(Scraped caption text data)
BEGIN

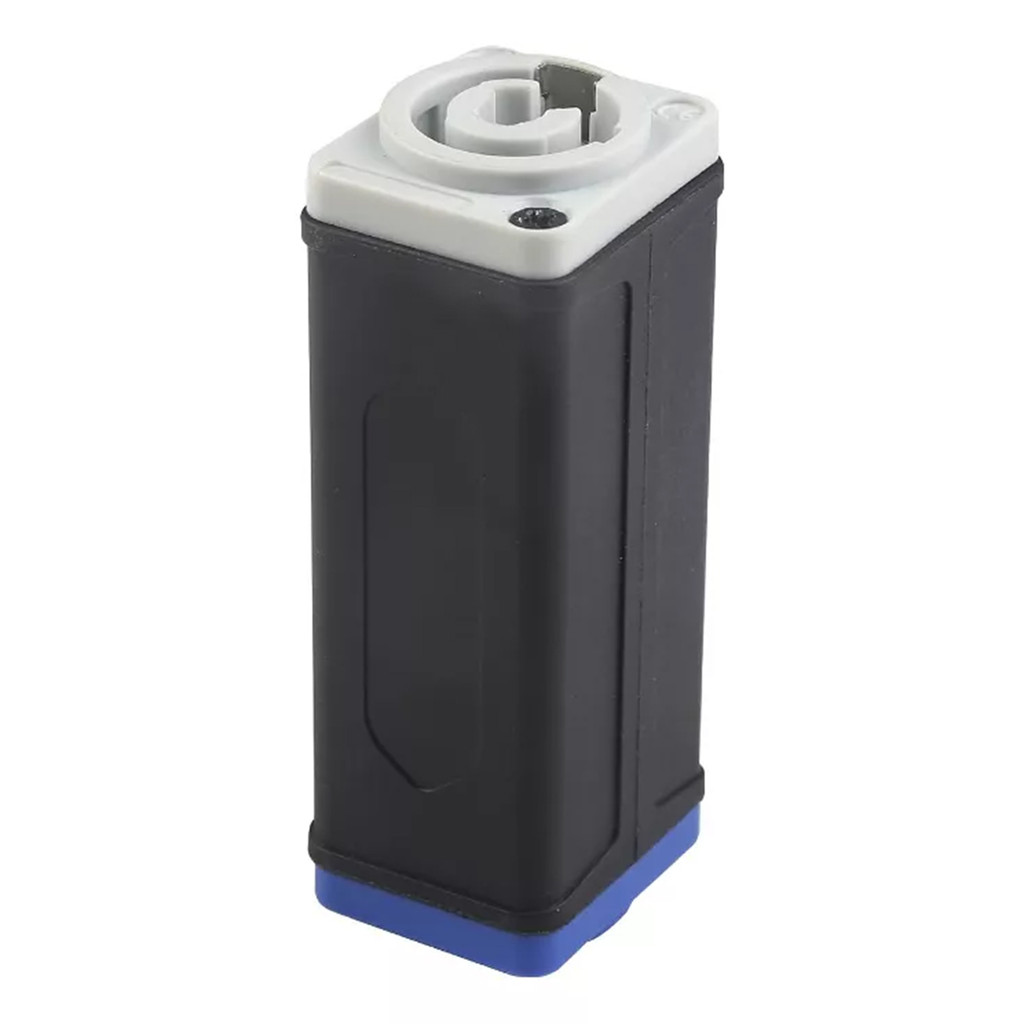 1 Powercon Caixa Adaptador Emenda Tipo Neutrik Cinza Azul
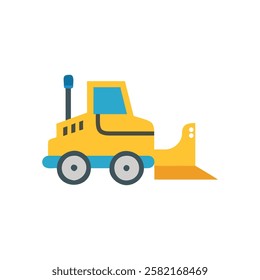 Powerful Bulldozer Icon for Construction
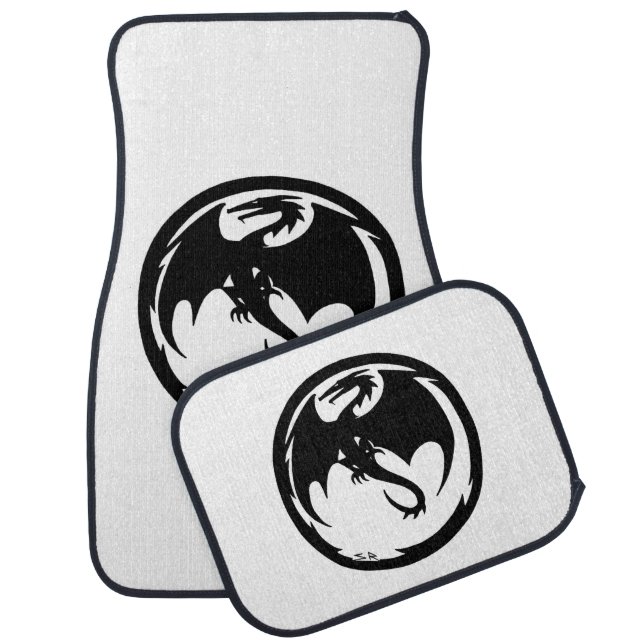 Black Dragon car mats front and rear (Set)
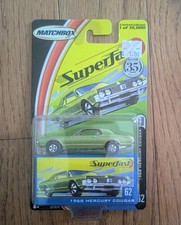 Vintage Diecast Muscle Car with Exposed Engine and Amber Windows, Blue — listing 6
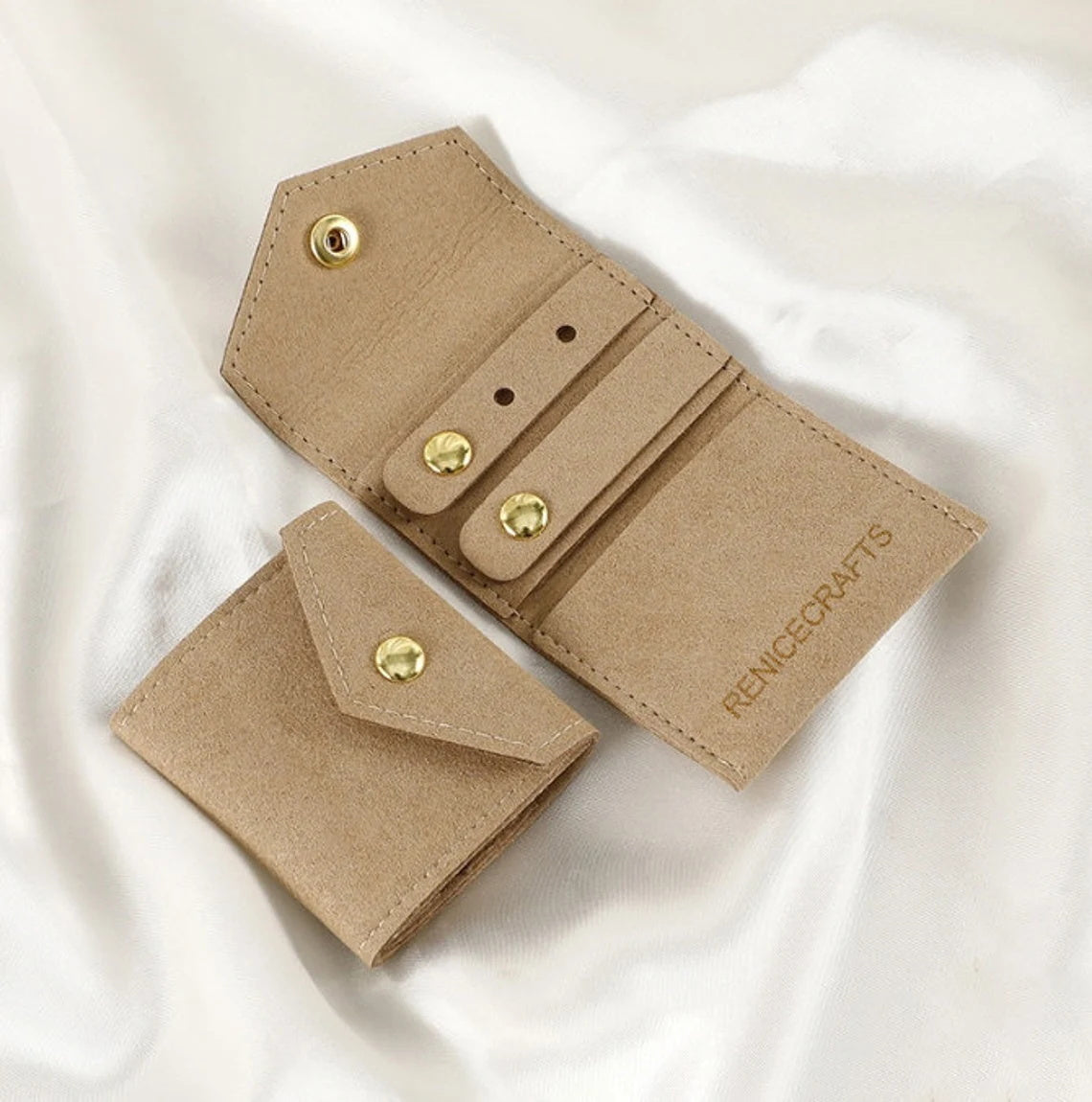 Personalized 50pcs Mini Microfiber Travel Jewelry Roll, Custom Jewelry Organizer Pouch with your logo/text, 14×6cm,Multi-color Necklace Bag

END

## TASK REQUIREMENTS
Each record above must be returned exactly as written, with its pictures omitted.

## EXERCISE SOLUTION
 1 Powercon Caixa Adaptador Emenda Tipo Neutrik Cinza Azul
 Powerful Bulldozer Icon for Construction
 Black Dragon car mats front and rear (Set)
 Vintage Diecast Muscle Car with Exposed Engine and Amber Windows, Blue — listing 6
 Personalized 50pcs Mini Microfiber Travel Jewelry Roll, Custom Jewelry Organizer Pouch with your logo/text, 14×6cm,Multi-color Necklace Bag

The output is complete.